Jumat (23/12) lalu, sekitar 30 orang perwakilan tujuh kampung yang terkena dampak perkebunan sawit dan tambang batubara menggelar unjuk rasa di depan Lamin Etam, rumah dinas Gubernur Kaltim di Samarinda. Mereka perwakilan warga dari Kampung Makroman dan Gunung Kapur (Kota Samarinda), Kertabuana dan Berambai (Kutai Kartanegara), Muara Tae dan Lemponah (Kutai Barat), serta Gersik dan Jennebora (Penajam Paser Utara).

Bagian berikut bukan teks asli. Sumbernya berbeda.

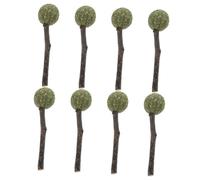 Hohopeti 8pcs Natural Chewing for Rabbits and Guinea Pigs Wooden Teeth Gnawing Sticks for Hamsters Safe Small Pet to Promote Dental Health and Prevent Biting Behavior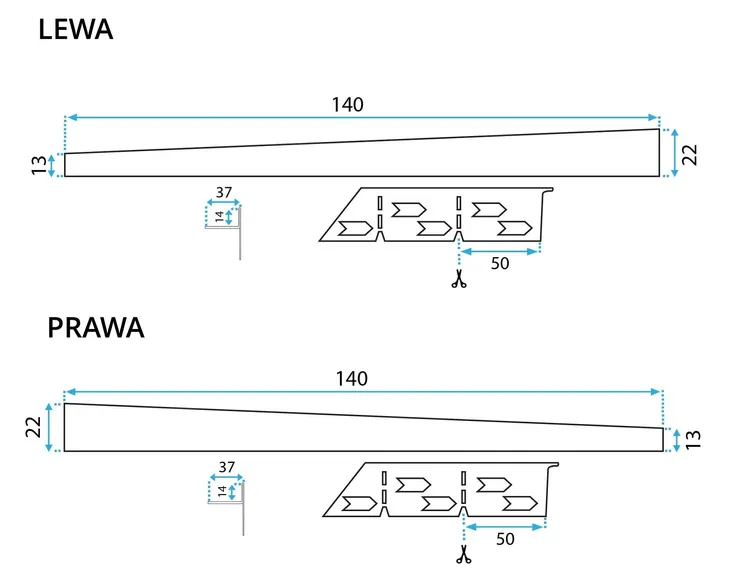 rea-listwa-spadkowa-140-cm-stan-nowy-dlugosc-140-cm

Namun, selama dua jam menggelar aksi, mereka tidak ditemui Gubernur ataupun pejabat Pemerintah Provinsi Kaltim karena saat itu di Lamin Etam berlangsung rapat kerja penyerahan daftar isian pelaksanaan anggaran APBN. Masrani, Kepala Kampung Muara Tae, mengaku kecewa tidak ada pejabat yang mau menerima mereka.
Warga Muara Tae, menurut Masrani, terkena dampak masuknya perusahaan sawit dan tambang batubara. ”Perusahaan sawit ini tak pernah berkoordinasi dengan kami. Mereka menggusur lahan di Muara Tae, awalnya 2 hektar di wilayah adat kampung, di RT 1 Muara Tae, Oktober lalu. Namun, sekarang perusahaan itu hendak membuka lagi 200 hektar,” ujarnya.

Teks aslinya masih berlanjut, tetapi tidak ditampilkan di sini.